* **Work to complete**: Your output should be exactly the lines from the one containing "A fir in the" through the last line of the listing, and nothing else. Pictures stay out.

+++ Given records +++

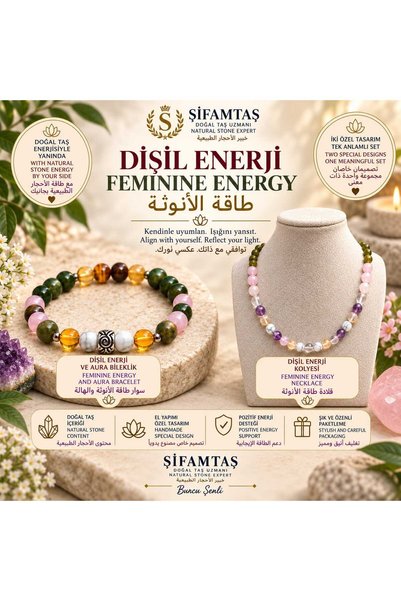 ŞİFAMTAŞ Female Energy & Aura Set (Bracelet and Necklace)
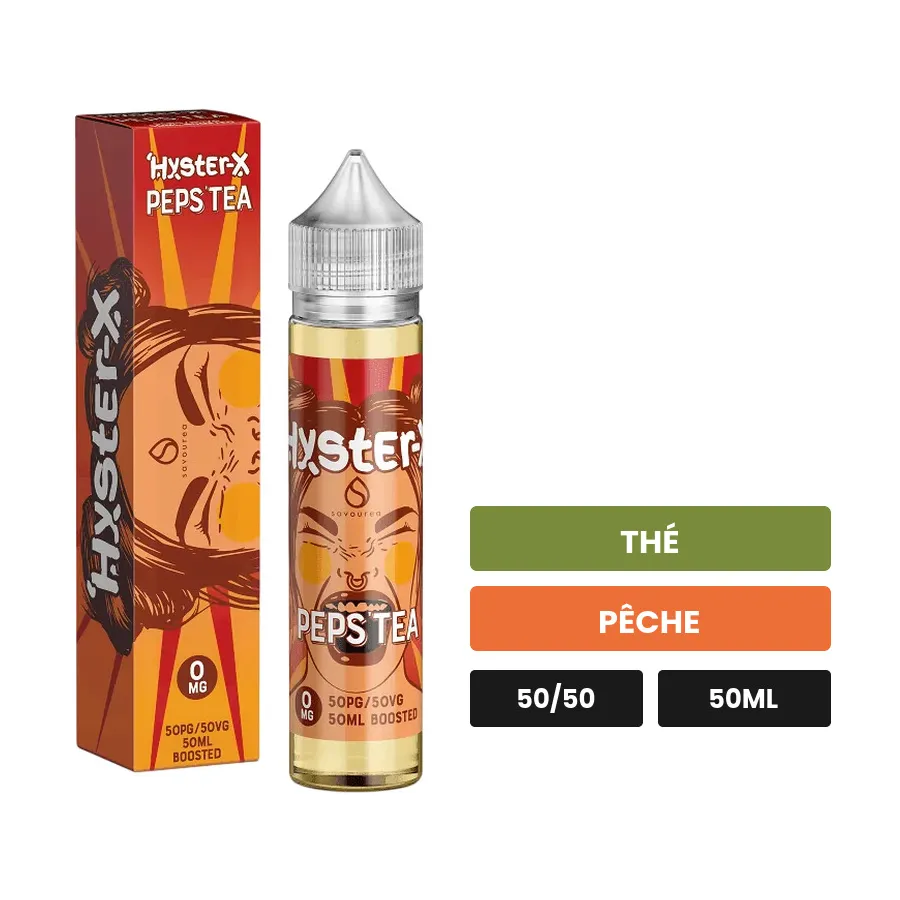 E-liquide Peps Tea Hyster de Savourea, 50 ml, saveurs thé et pêche.
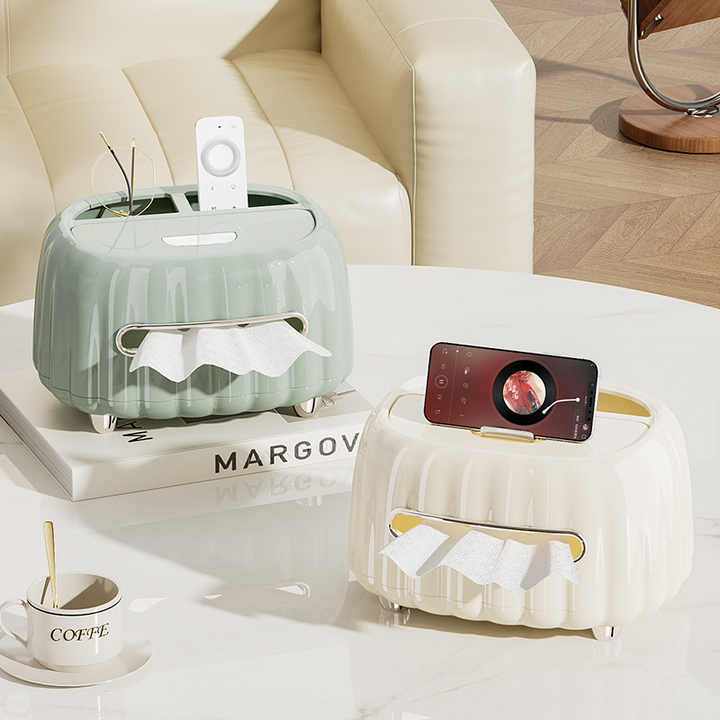Multi-Functional Tissue Box Organizer with Storage Compartments - White 5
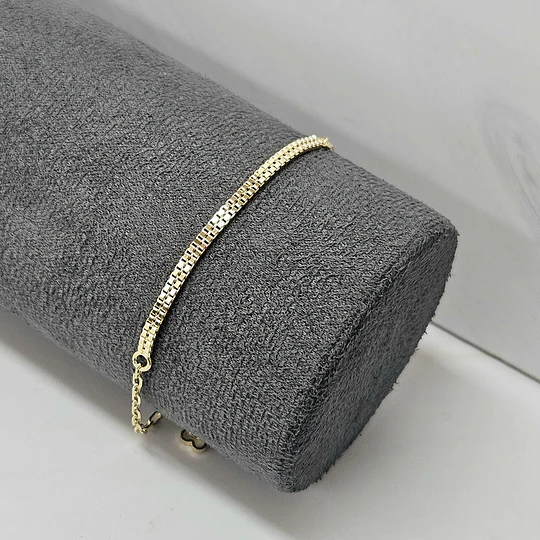 PULSERA DOBLE TEXTURA 17CM + ALARGUE ENCH.ORO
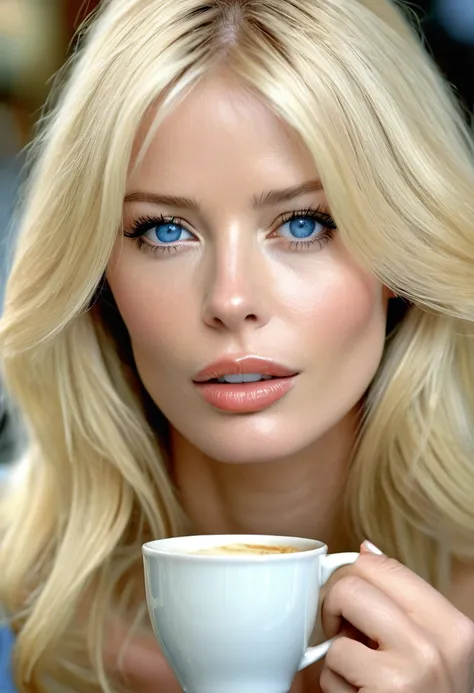 ((best quality)), ((masterpiece)), (detailed), perfect face, Claudia Schiffer,25 years old, portrait, cafe, perfect face, ultradetailed, hyperrealistic, drinking, perfect blue eyes, her real face, light blond hair, not cartoon, not animation, masterpiece, ...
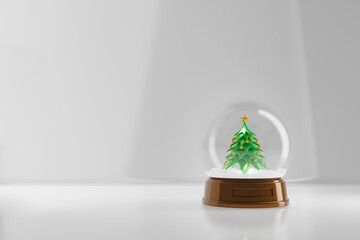 A fir in the Christmas tree globe on white background . 3d illustration.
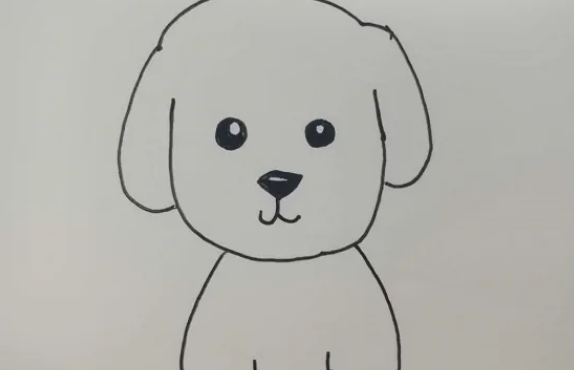 怎样画小狗简单又好看又可爱,小狗怎么画简单又可爱 简笔画带颜色的图5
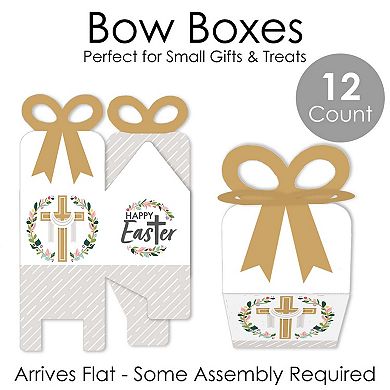 Big Dot Of Happiness Religious Easter Square Favor Gift Box Christian Holiday Bow Boxes 12 Ct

+++

* **Exercise solution**:
 A fir in the Christmas tree globe on white background . 3d illustration.
 怎样画小狗简单又好看又可爱,小狗怎么画简单又可爱 简笔画带颜色的图5
 Big Dot Of Happiness Religious Easter Square Favor Gift Box Christian Holiday Bow Boxes 12 Ct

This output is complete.